==== Records provided ====
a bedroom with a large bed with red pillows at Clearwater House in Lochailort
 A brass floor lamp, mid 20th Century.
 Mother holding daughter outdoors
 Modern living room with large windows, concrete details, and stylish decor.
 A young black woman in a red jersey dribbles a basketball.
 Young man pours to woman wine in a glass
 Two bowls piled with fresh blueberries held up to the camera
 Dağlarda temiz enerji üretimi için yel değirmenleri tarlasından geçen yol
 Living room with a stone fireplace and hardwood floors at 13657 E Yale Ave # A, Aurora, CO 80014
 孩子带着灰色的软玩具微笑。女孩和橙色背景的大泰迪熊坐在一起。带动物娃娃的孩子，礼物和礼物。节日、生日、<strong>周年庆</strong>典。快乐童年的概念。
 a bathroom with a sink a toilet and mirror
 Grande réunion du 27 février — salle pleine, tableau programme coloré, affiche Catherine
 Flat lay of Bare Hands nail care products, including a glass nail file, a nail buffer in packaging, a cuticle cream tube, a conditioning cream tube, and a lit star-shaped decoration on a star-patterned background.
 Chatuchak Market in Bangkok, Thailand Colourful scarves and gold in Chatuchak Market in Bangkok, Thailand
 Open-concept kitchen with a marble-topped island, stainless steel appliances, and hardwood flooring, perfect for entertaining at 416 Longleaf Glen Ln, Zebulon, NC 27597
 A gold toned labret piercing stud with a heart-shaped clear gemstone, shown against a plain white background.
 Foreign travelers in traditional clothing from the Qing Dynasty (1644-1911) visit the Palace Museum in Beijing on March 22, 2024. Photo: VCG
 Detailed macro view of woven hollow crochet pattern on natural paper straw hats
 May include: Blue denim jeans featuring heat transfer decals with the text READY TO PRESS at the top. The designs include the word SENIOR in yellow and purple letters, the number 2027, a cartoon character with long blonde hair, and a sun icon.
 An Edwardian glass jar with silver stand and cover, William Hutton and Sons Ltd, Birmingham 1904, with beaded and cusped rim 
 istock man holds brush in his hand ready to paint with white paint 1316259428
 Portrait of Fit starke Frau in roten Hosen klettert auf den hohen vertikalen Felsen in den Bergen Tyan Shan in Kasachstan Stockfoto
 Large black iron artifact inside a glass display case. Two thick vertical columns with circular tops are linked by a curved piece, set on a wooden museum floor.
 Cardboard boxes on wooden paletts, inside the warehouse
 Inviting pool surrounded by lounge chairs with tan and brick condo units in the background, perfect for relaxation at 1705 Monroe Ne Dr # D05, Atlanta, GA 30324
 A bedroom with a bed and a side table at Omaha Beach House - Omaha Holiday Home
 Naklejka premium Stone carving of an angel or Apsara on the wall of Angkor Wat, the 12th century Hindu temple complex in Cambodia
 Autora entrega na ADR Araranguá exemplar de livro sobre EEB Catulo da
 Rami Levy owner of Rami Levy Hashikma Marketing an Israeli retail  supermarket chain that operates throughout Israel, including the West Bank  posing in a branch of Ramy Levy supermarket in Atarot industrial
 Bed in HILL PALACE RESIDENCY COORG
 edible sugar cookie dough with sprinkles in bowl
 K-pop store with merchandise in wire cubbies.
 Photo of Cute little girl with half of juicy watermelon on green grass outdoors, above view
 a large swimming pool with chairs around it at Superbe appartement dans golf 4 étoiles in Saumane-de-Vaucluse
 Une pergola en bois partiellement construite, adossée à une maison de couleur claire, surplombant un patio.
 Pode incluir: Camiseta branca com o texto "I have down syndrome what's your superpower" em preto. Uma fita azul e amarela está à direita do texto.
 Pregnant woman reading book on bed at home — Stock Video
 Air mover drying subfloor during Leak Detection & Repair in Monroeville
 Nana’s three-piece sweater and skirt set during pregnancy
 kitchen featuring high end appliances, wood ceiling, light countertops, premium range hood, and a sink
====
Filter the entries above down to the lines that contain the word "view".

» **Task result**:
 Detailed macro view of woven hollow crochet pattern on natural paper straw hats
 Photo of Cute little girl with half of juicy watermelon on green grass outdoors, above view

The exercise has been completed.